The crew of the "Lobo" and the hotel staff that served us were invariably helpful and courteous, which, considering the continuous through-put of tourists that they dealt with, often at odd times of day and for short periods of time.  Ralph especially had friends everywhere who could provide, for instance, laundering facilities, cheap reliable taxis and the like. He had built up an impressive collection of trustworthy business contacts and was an accomplished "fixer".
Various photos of the gang, these mostly taken by John, who has a good eye for groups, with the result that I'm in several. There were far too many of us to get everybody showing up in one, so I just hope I've got most, somewhere, even if it's only an eyebrow.

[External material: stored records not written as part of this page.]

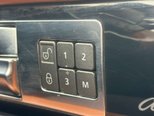Land Rover Range Rover Sport 3.0 SD V6 Autobiography Sport SUV 5dr Diesel Auto 4WD Euro 5 (255 bhp) 33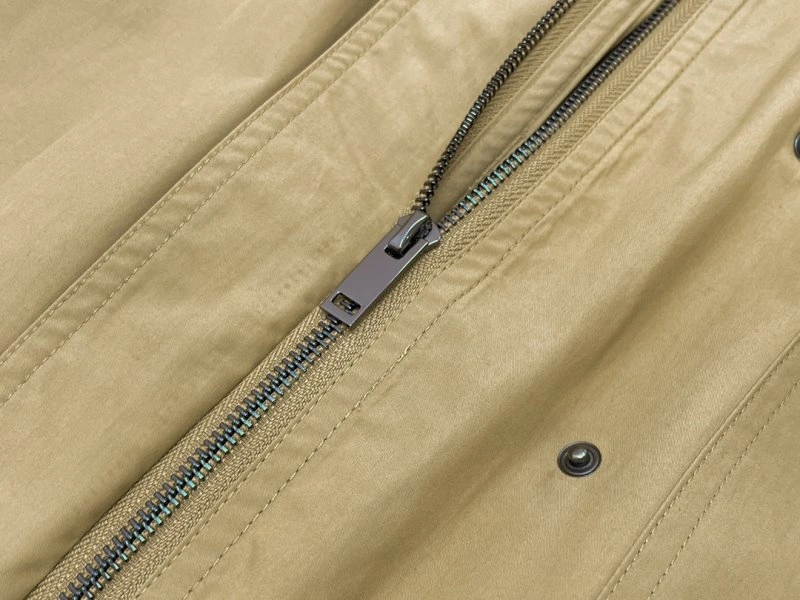 Affordable The Row Outwear 154237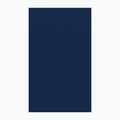 Рушник arena Jacquard navy 2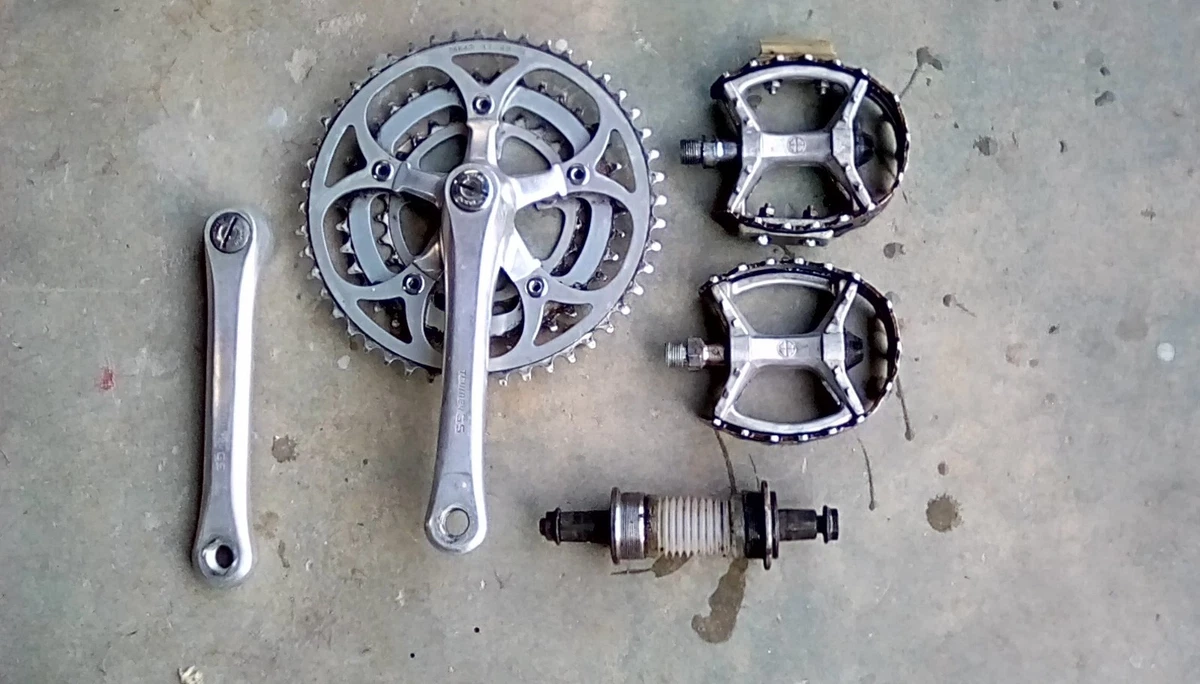 takagi crank products for sale | eBay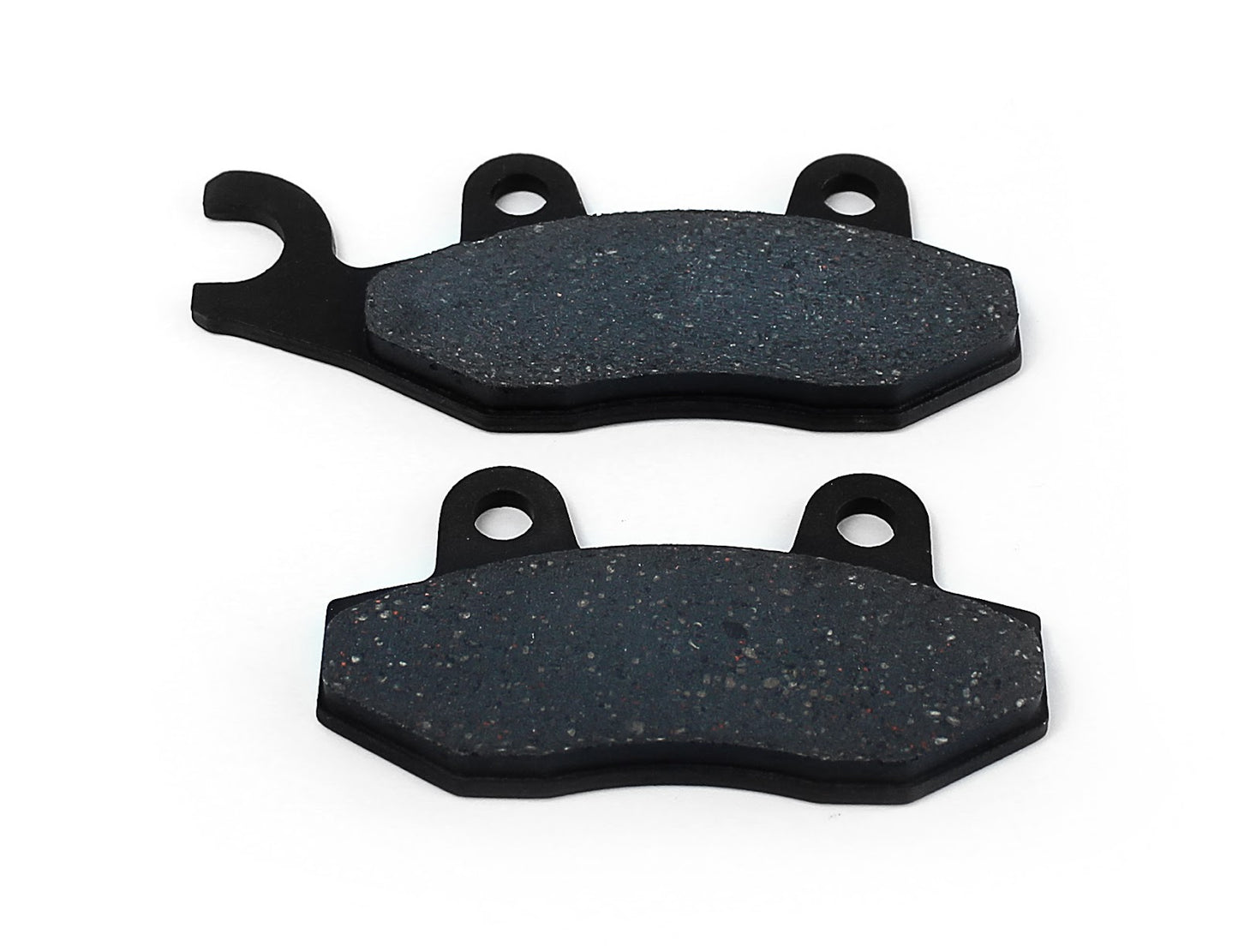 EPI Brake Pad WE440330 | UTV ATV Replacement Part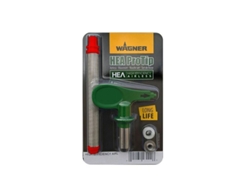 Airless Pro Tip 211 Green Wagner
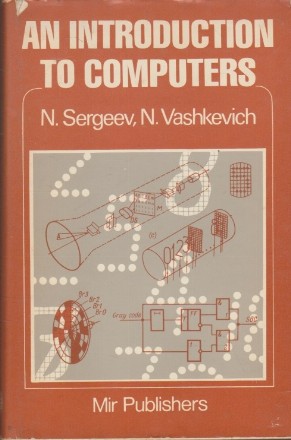 An Introduction to Computers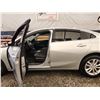 Image 47 : PARKSVILLE - 2018 CHEVY MALIBU LT, SILVER, 107056 KMS, FRONT WHEEL DRIVE. - D183988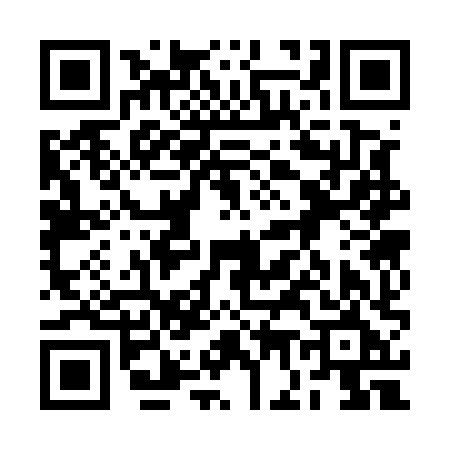 QR code for 2G358EE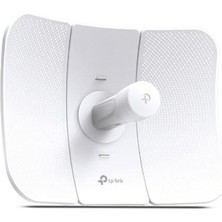 TP-Link CPE710 5ghz 867MBPS 23DBI Outdoor Cpe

We were not by any means similar types, but were all grown up enough to put up with any variations, and also able to split into smaller groups when interests or abilities diverged. My thanks to all of them.
You'll believe a rock can fly. Actually this one isn't flying, it's gliding, but they still can't catch it
As you know the Galapagos are famous for Darwins finches, which have demonstrated the evolutionary developments of adaption and specialisation.  This subset of Mockingbird  concentrates on cruelly pointing out bald spots.
Tourists, sometimes known as (the) Lost Lobos
One from Fausto. Thanks Fausto, Who was that bird I saw you with?